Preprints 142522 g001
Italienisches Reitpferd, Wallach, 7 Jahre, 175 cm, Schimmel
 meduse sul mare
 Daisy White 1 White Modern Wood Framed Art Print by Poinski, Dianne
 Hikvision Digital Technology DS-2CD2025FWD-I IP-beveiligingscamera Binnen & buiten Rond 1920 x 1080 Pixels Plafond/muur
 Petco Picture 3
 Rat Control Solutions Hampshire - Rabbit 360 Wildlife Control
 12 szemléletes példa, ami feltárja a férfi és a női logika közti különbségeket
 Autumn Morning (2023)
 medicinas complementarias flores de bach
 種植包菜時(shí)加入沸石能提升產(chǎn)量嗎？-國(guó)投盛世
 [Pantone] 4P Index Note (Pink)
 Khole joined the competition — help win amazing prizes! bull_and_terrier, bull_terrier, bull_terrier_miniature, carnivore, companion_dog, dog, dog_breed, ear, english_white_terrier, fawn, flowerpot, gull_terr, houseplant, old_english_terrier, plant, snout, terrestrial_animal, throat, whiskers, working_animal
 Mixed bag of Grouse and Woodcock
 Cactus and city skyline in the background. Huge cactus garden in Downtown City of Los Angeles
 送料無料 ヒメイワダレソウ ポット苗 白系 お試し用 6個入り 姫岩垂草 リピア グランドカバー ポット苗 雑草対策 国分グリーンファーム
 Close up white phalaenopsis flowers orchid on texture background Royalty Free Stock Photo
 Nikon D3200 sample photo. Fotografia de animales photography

> [Directions] Verbatim reproduction of the entries is required.

> [Result]
Preprints 142522 g001
Italienisches Reitpferd, Wallach, 7 Jahre, 175 cm, Schimmel
 meduse sul mare
 Daisy White 1 White Modern Wood Framed Art Print by Poinski, Dianne
 Hikvision Digital Technology DS-2CD2025FWD-I IP-beveiligingscamera Binnen & buiten Rond 1920 x 1080 Pixels Plafond/muur
 Petco Picture 3
 Rat Control Solutions Hampshire - Rabbit 360 Wildlife Control
 12 szemléletes példa, ami feltárja a férfi és a női logika közti különbségeket
 Autumn Morning (2023)
 medicinas complementarias flores de bach
 種植包菜時(shí)加入沸石能提升產(chǎn)量嗎？-國(guó)投盛世
 [Pantone] 4P Index Note (Pink)
 Khole joined the competition — help win amazing prizes! bull_and_terrier, bull_terrier, bull_terrier_miniature, carnivore, companion_dog, dog, dog_breed, ear, english_white_terrier, fawn, flowerpot, gull_terr, houseplant, old_english_terrier, plant, snout, terrestrial_animal, throat, whiskers, working_animal
 Mixed bag of Grouse and Woodcock
 Cactus and city skyline in the background. Huge cactus garden in Downtown City of Los Angeles
 送料無料 ヒメイワダレソウ ポット苗 白系 お試し用 6個入り 姫岩垂草 リピア グランドカバー ポット苗 雑草対策 国分グリーンファーム
 Close up white phalaenopsis flowers orchid on texture background Royalty Free Stock Photo
 Nikon D3200 sample photo. Fotografia de animales photography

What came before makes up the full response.